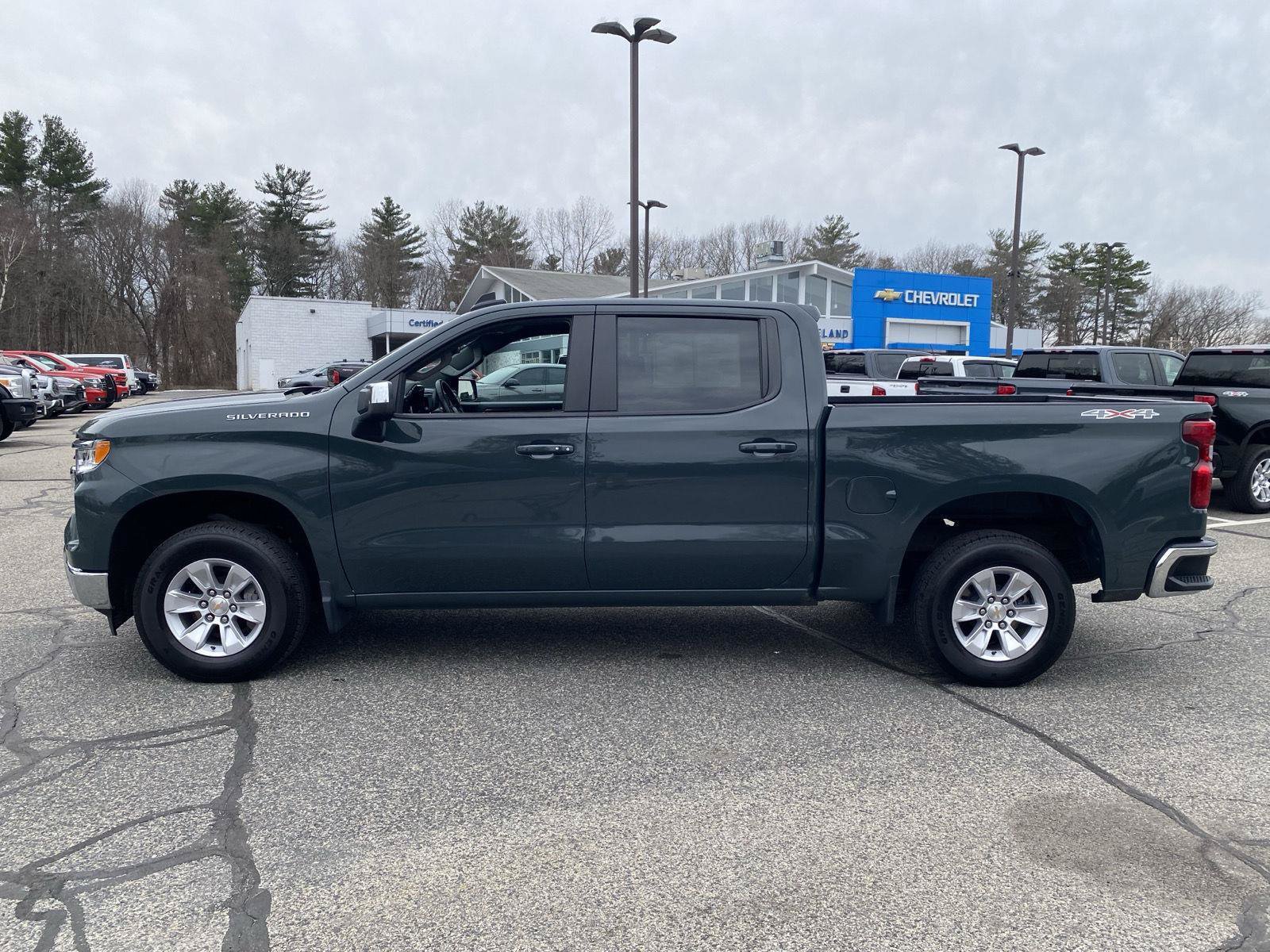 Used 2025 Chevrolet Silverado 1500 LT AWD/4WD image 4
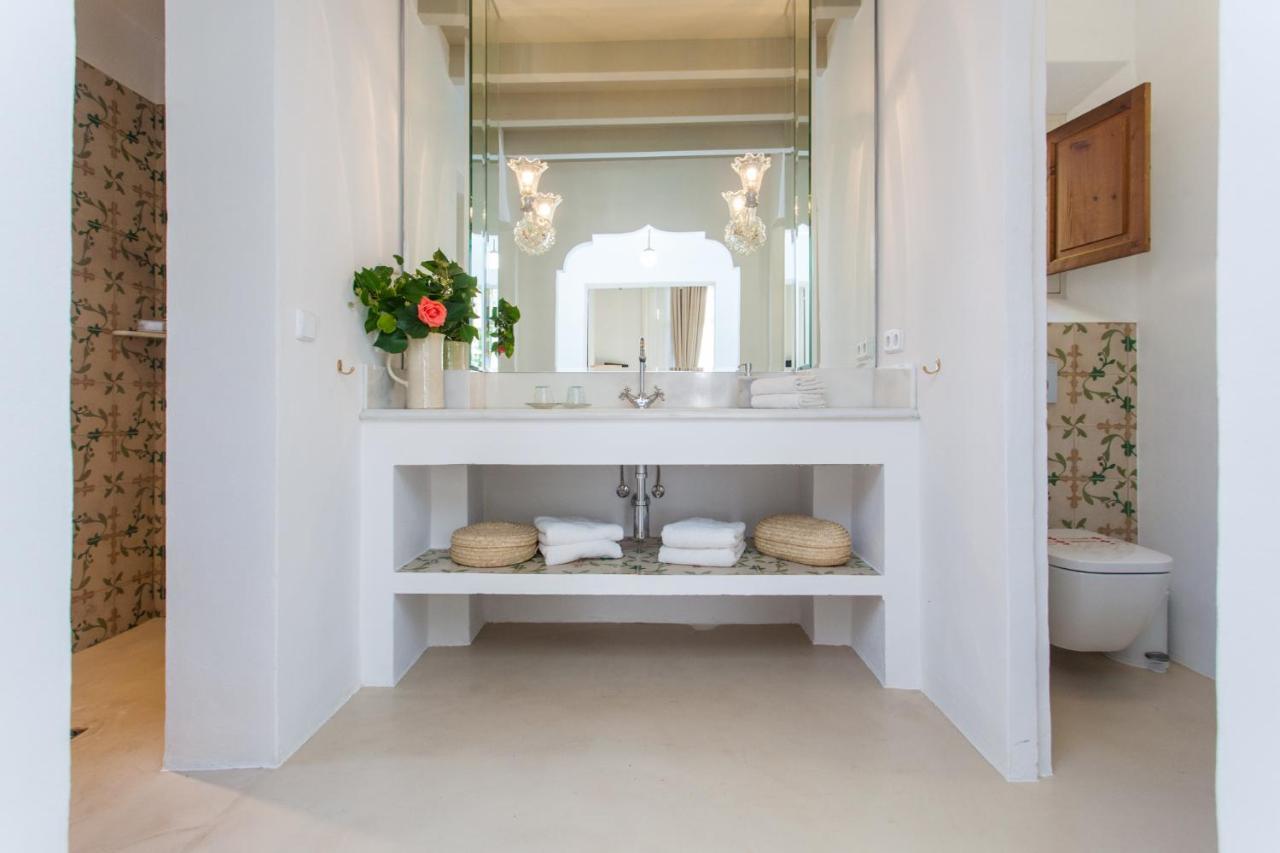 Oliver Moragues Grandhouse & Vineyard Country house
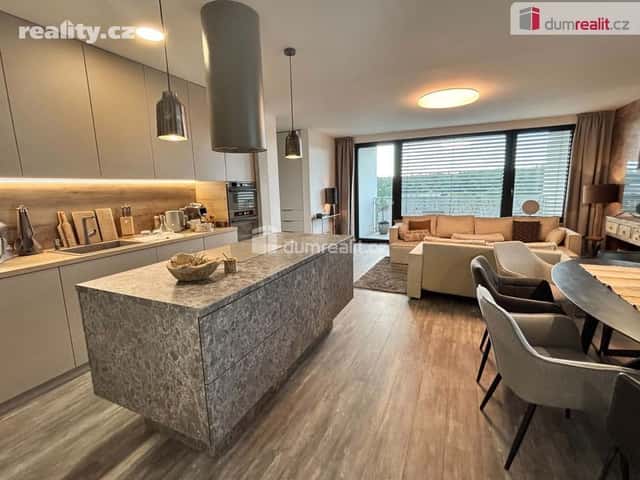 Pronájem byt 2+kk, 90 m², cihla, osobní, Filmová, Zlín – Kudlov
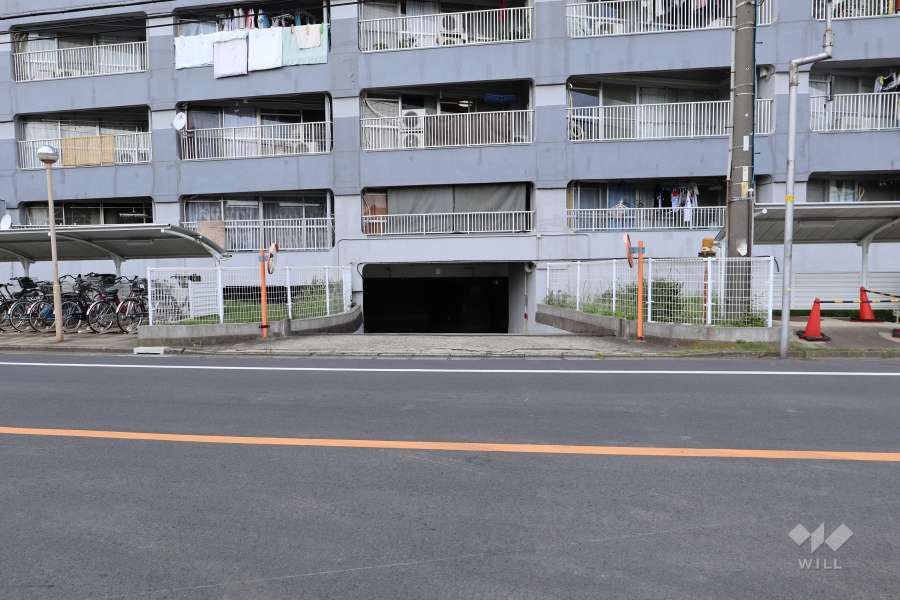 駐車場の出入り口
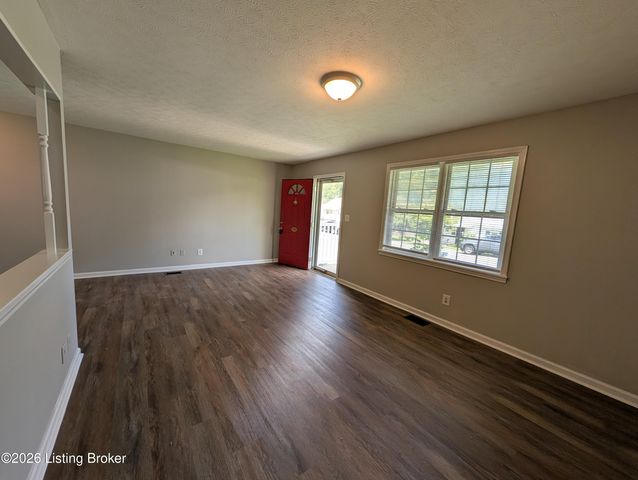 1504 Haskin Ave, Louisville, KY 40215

*Prompt*
A faithful, complete copy of the entries is required, without the pictures.

*Answer to this problem*
 Used 2025 Chevrolet Silverado 1500 LT AWD/4WD image 4
 Oliver Moragues Grandhouse & Vineyard Country house
 Pronájem byt 2+kk, 90 m², cihla, osobní, Filmová, Zlín – Kudlov
 駐車場の出入り口
 1504 Haskin Ave, Louisville, KY 40215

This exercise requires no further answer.